22 de junho de 2005

A Mathilde

O melhor lugar em casa para ter uma televisão é a despensa. Mas infelizmente, aí e na casa de banho são os únicos lugares em que a maior parte das casas não têm os famosos incineradores cerebrais. Noventa por cento dos desentendimentos com a Chris começam por causa da caixinha. Os outros dez por cento é por ela não conseguir perceber como é que eu sou capaz de viver sem cabo.

Até a Chris chegar eu conseguia viver sem cabo. Estando em minha casa eu acho que tenho o direito de ter o que eu quiser e é isso que tenho feito. Mas a Chris põe tudo em causa. Transforma as mais pequenas coisas num inferno. Leva tudo à letra, é insensível ao sarcasmo e imune à ironia. Para ela não há meios termos: tudo ou é preto ou é branco e não há nuances possíveis entre um e outro; ou é ou não é; nada de ses ou talvez; cinco é cinco; sessenta e nove é sessenta e nove.

Conheci há muitos anos uma personalidade assim objectiva.
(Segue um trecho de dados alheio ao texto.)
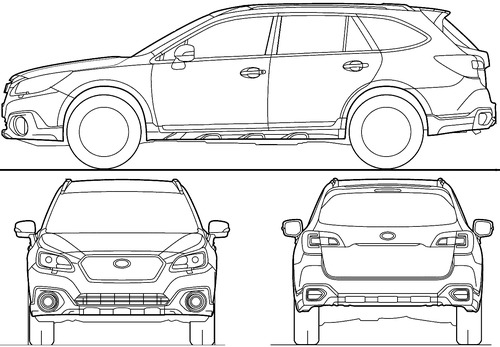 Subaru Legacy Outback (2017)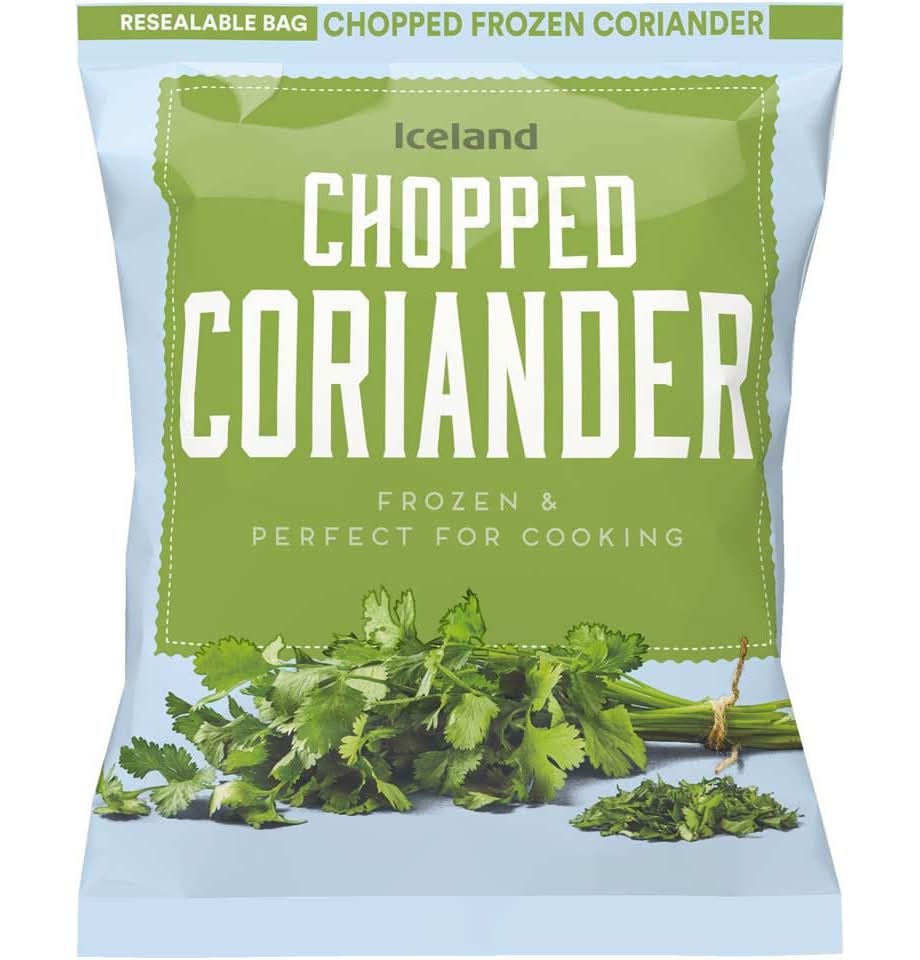 Iceland Chopped Coriander (75g)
Mathilde tinha um corpo que podia ser definido com uma equação trigonométrica do segundo grau. Eram necessários senos e cosenos para definir as partes mais arredondadas mas podíamos desprezar sem remorsos as soluções complexas. As tangentes e as cotangentes tendiam, com a Mathilde, para infinito. Se quisermos vê-la de uma perspectiva arquitectónica poderemos dizer que tudo nela obedece à divina proporção: tudo nela se multiplicava ou dividia por um vírgula sessenta e oito. Para mim, que na altura em que a conheci procurava ainda discernir entre a necessidade de um mundo estético ou de um mundo ético, Mathilde parecia a síntese encarnada. Claro que me apaixonei. Cegamente como é próprio das paixões. Durante alguns anos foi Mathilde o motor da minha alma. Sei, por experiência, que uma paixão tem tendência a arrefecer e esse poderia ser o processo natural para me afastar de Mathilde. Mas não foi. Foi outra paixão que se foi insinuando e me fez perceber que a objectividade de Mathilde, apesar de intimamente coerente, bela, inocente, sistemática, racional, lógica e fecunda, tinha uma infinita falta de humor. Para Mathilde tudo era denotativo, os símbolos eram apenas processos de representação, as metáforas eram incompreensíveis e o estilo não tinha figuras.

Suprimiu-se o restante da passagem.